(DATA FOR THIS EXERCISE)
======

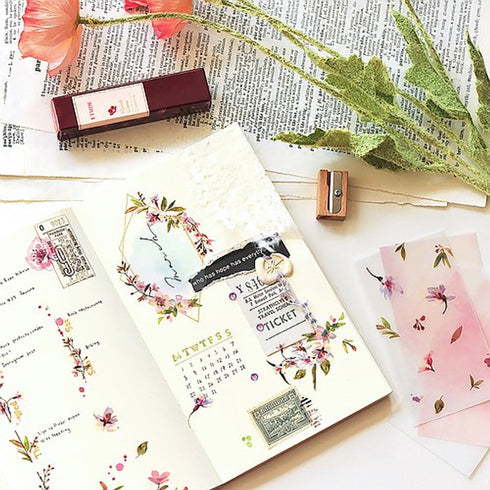 MU Lifestyle Print-On Stickers Rub -On Stickers Transfer Stickers Translucent Stickers 084 | Rise and Shine Pink & Purple Flowers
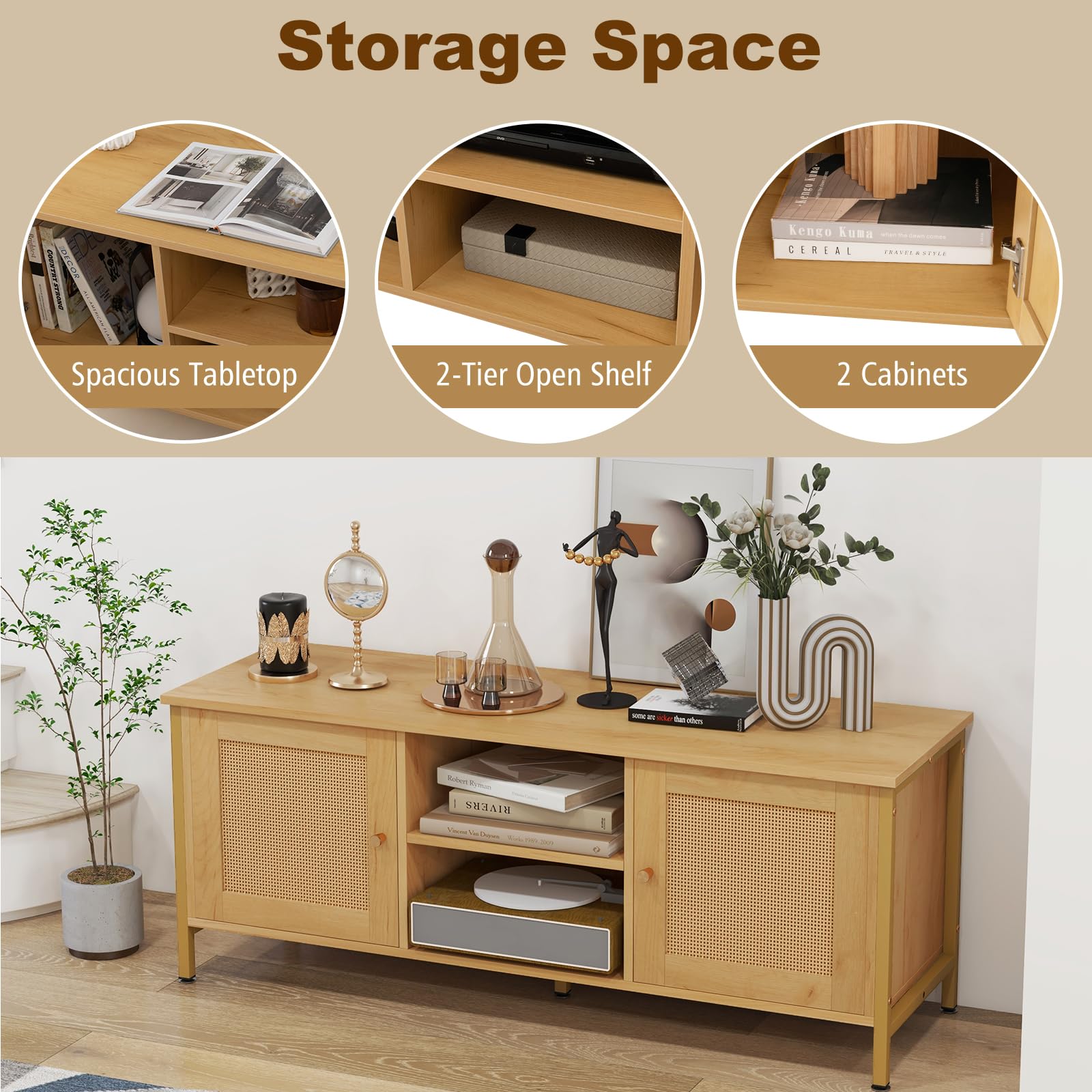 komfotteu-tv-schrank-rattan-f-r-tv-bis-55-zoll-lowboard-holz-metall-120x40x48-cm image 3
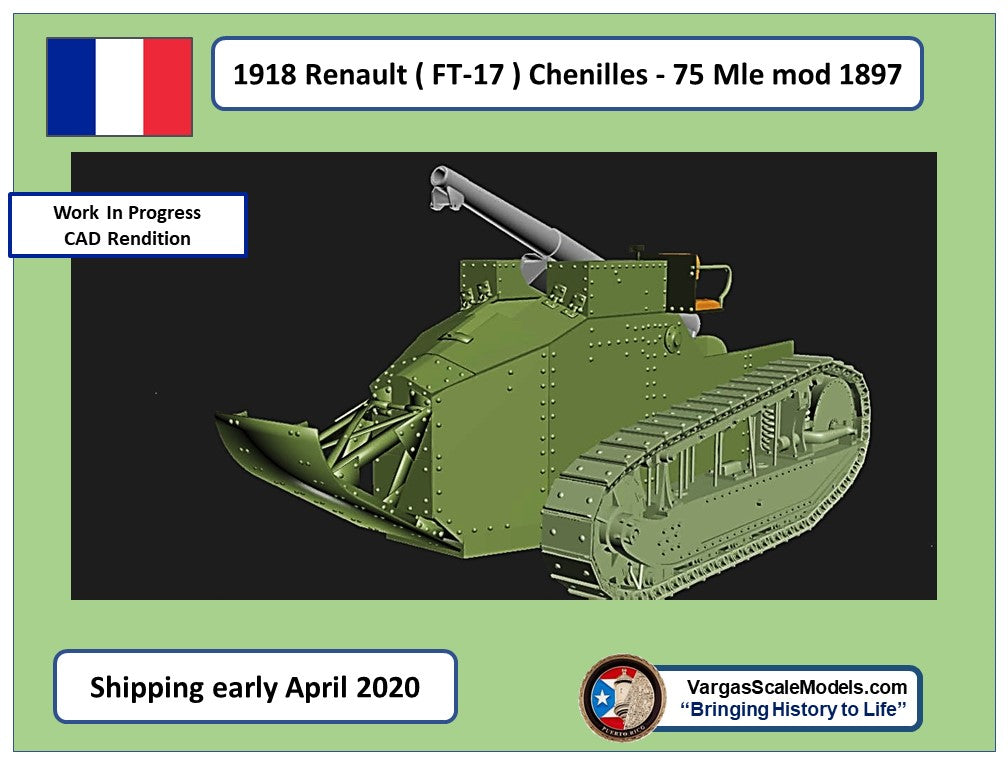 1/35 1918 Renault FT-17 Chenilles 75 Mle 1897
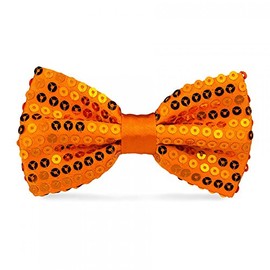 cravateSlim Sequin Orange Bow Tie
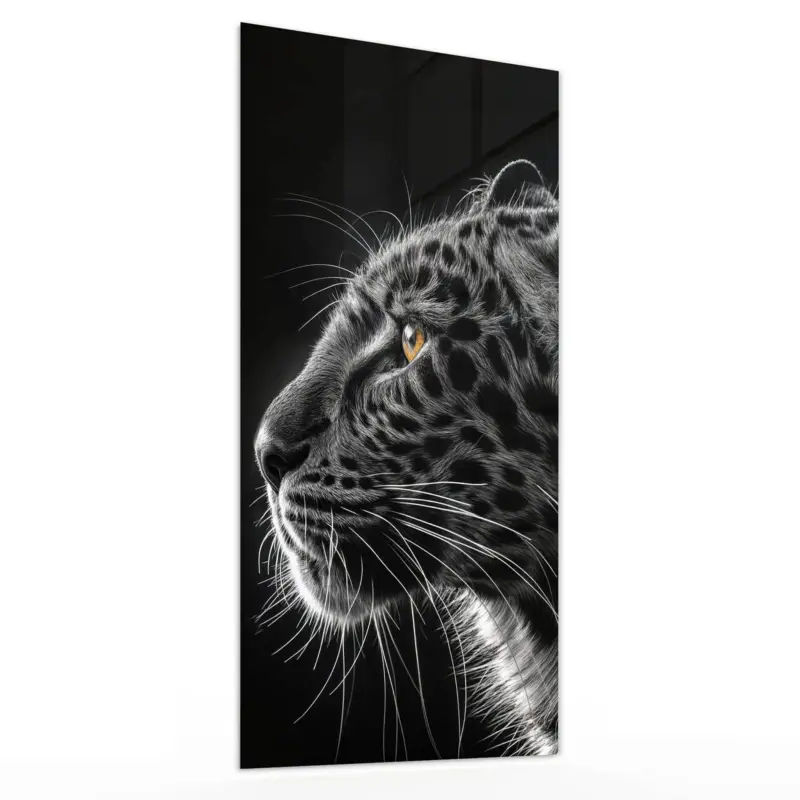 Sofort Bestellen Wandbild Hochformat - Leopard Silhouette 30 x 60 cm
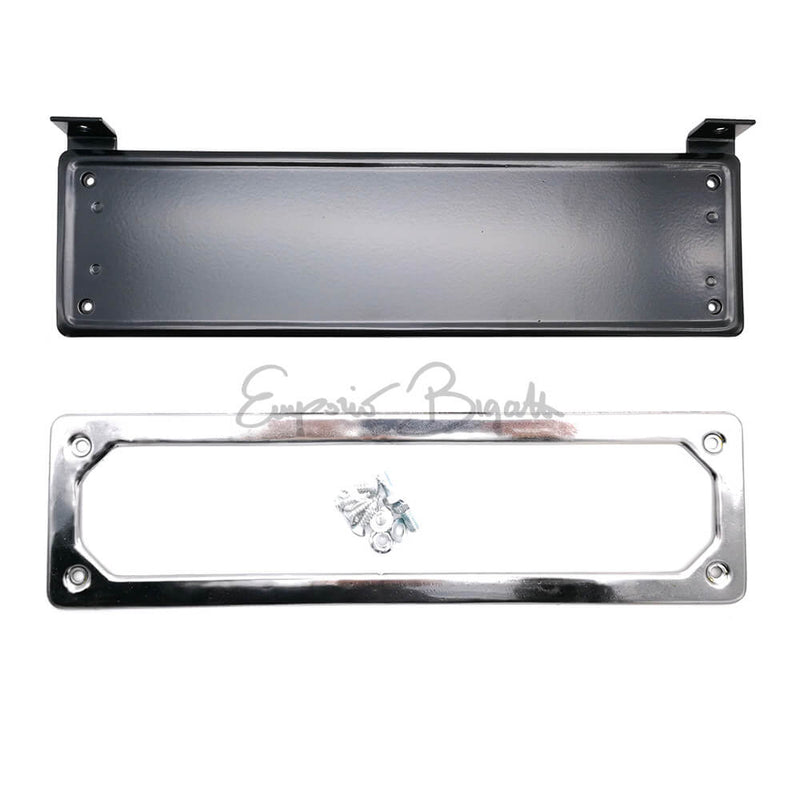 Kit porta targa anteriore sotto paraurti in metallo nero cornice inox e kit montaggio | Fiat 500 |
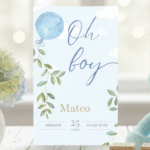 Globo celeste: Encantadora invitación ¡Oh boy!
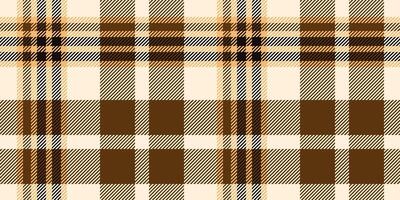 Seamless brown, beige, and black tartan plaid pattern with bold diagonal stripes. Geometric checkered design for fabric, wallpaper, or digital backgrounds. repeatable textile texture vector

======

(EXERCISE GOAL)
Everything above from the line containing "1/35 1918 Renault" through the line containing "Globo celeste: Encantadora" must be repeated exactly, and the pictures must be left out.

(TASK RESPONSE)
 1/35 1918 Renault FT-17 Chenilles 75 Mle 1897
 cravateSlim Sequin Orange Bow Tie
 Sofort Bestellen Wandbild Hochformat - Leopard Silhouette 30 x 60 cm
 Kit porta targa anteriore sotto paraurti in metallo nero cornice inox e kit montaggio | Fiat 500 |
 Globo celeste: Encantadora invitación ¡Oh boy!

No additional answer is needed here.